Make DDD movie stack¶
The following section comes from Appion Manual
Direct Detector Frame Processing¶
This section enables the user to create gain/dark corrected frame stack in mrc format from raw movie frames generated by direct detectors such as Direct Electron DE12 or DE20, Gatan K2 Summit. The equation used is found in this wiki on corrector
FEI Falcon II "raw" frames are already gain/dark corrected. The frame stack making process does not do that. However, it compiles the individual images as standard 32-bit float mrc image stack in this process and perform drift correction if so requested.
Gain/Dark Correction of movie frames¶
- makeDDRawFrameStack: Frames obtained from DD, except Falcon, are not yet corrected for variation of pixel response. In the case of analog detection such as those performed by DE series and K2 Linear mode, they are also not dark corrected. This process performs these correction. The output is 32-bit mrc image stack. Also, it can be followed by frame alignment.
- Catch up DD frame alignment: Using defergpu option in makeDDRawFrameStack when aligning, the gain/dark correction and alignment are broken up for more efficient use of gpu-capable host. In such a case, this process is launched.
Appion SideBar Snapshot:¶
Notes, Comments, and Suggestions:¶
Making Gain/Dark correction one image at a time without saving results to databases¶
Two scripts are attached here. They use Leginon infrastructure to locate references and do gain/dark correction and bad pixel/column/row correction. It, however, does not involve saving results to the leginon/appion databases. These are good for testing of add your own idea to it.
correctframes.py let you correct a range of raw frames in an image and output as mrc file.
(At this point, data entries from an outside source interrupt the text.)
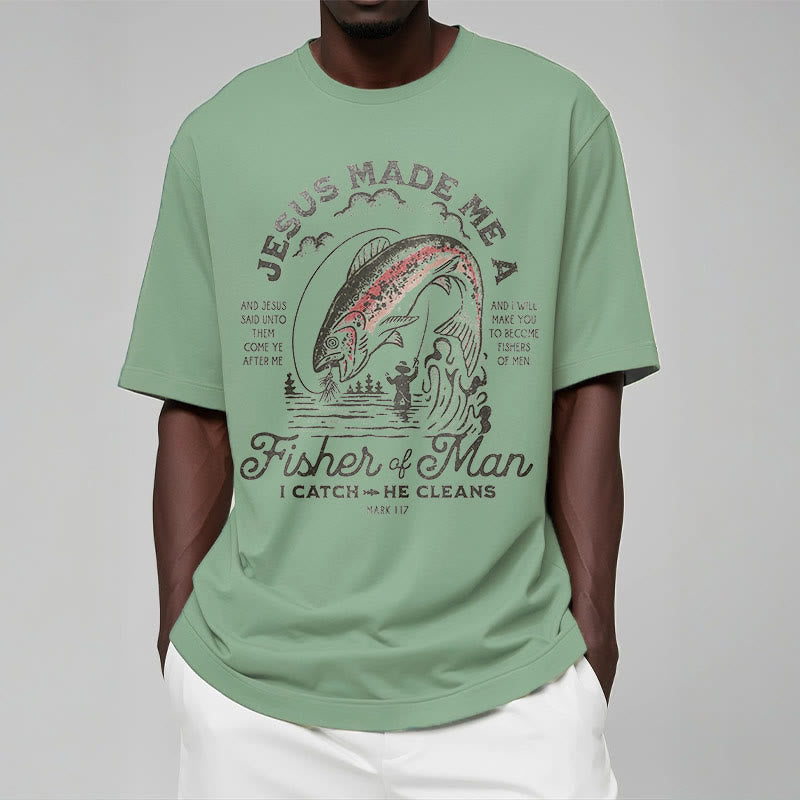 Christianartworkshop Quotaion Style Jesus Made Me A Fisher Of Man Short Sleeve T-shirt - image 10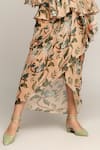 Shop_Soup by Sougat Paul_Peach Leather Printed Floral Motifs Round Draped Skirt Set With Jacket _Online_at_Aza_Fashions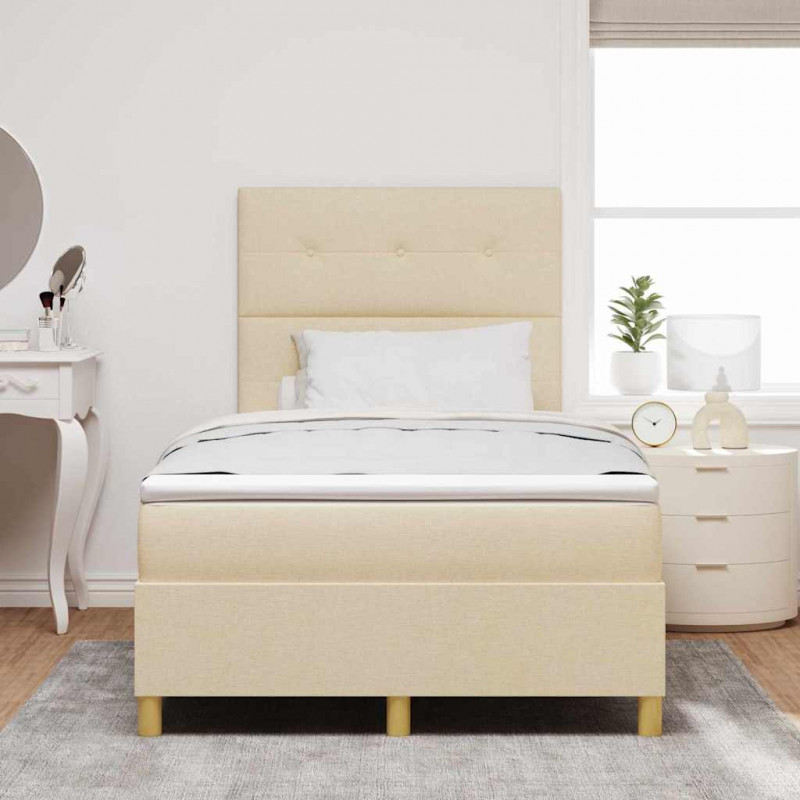 Łóżko z sprężyną LED z materacem Kremowy 120 x 190 cm tkanina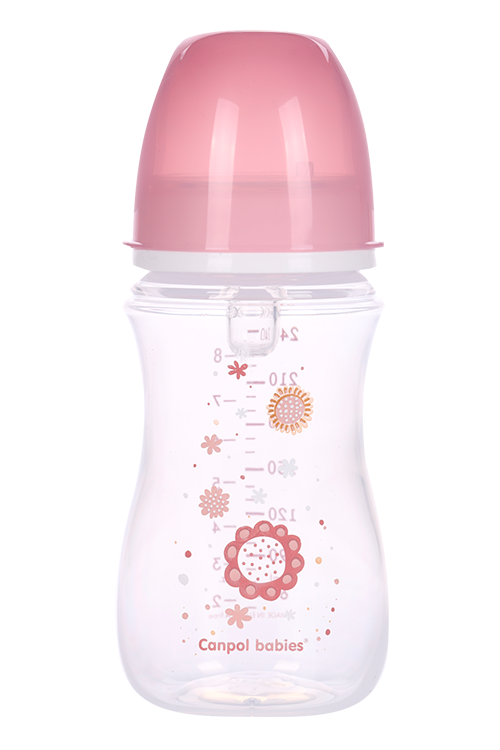 Бутылочка Canpol PP EasyStart Newborn baby с шир горл антиколик розовая (с 3 мес), 240 мл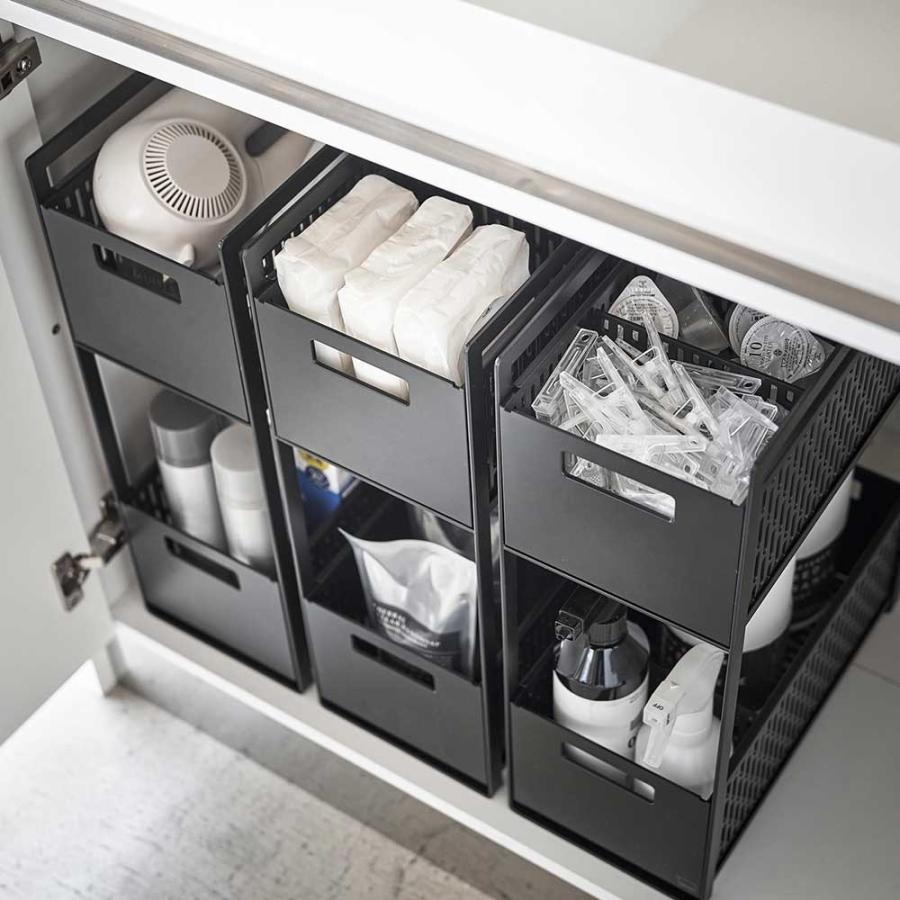 tower 山崎実業 公式 シンク下収納バスケット 2段 タワー シンク下収納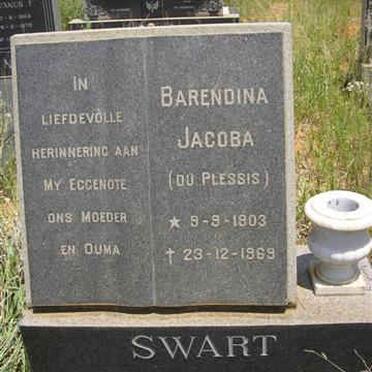 SWART Barendina Jacoba nee DU PLESSIS 1903-1969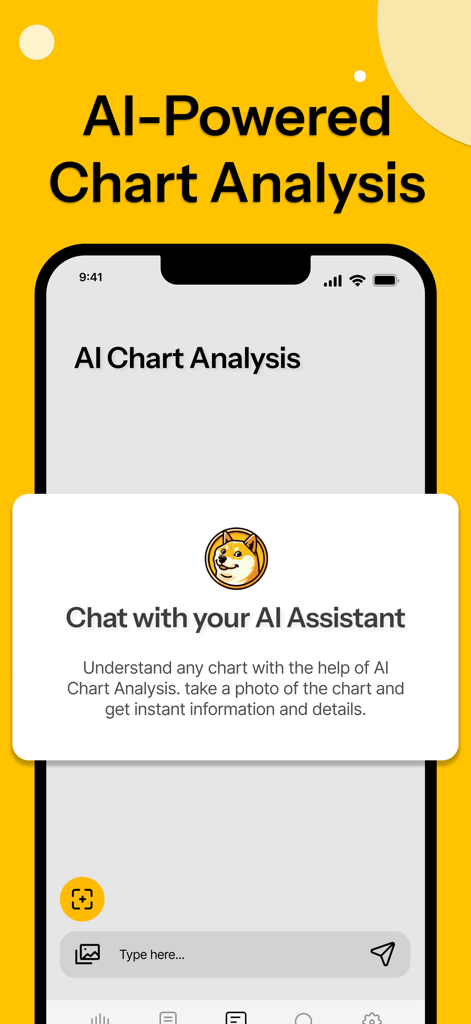 AI-powered chart analysis interface with a chatbot assistant in the Meme Coin Tracker app.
correctstack.py let you correct each frame in the specified summed image and output at 2D image stack in mrc format.
type:
python correctframes.py
for the options
Make movie stack with dark/bright/norm/gain references yourself without Leginon/Appion libraries¶
If you want to do everything yourself, you can use the python script
to find the location and filenames of the bright, dark, norm (also known as gain) references and work on them yourself. The filenames are formatted to include various information. For example,
14aug12a_12221419_00_512x512_norm_0.mrc is a norm reference image at dimension of 512x512. It was calculated from the dark and bright images shown by the script and was taken during session 14aug12a at 22:14:19 and is for correction channel 0.
You will also find reference images from correction channel 1 in the same folder with name like 14aug12a_12221421_00_512x512_norm_1.mrc which you may either ignore or use it in one of the two ways:
1. Create an average image with the one from correction channel 0 to get a reference image with better statistics ( i.e., 2n sampling of the population rather than n ).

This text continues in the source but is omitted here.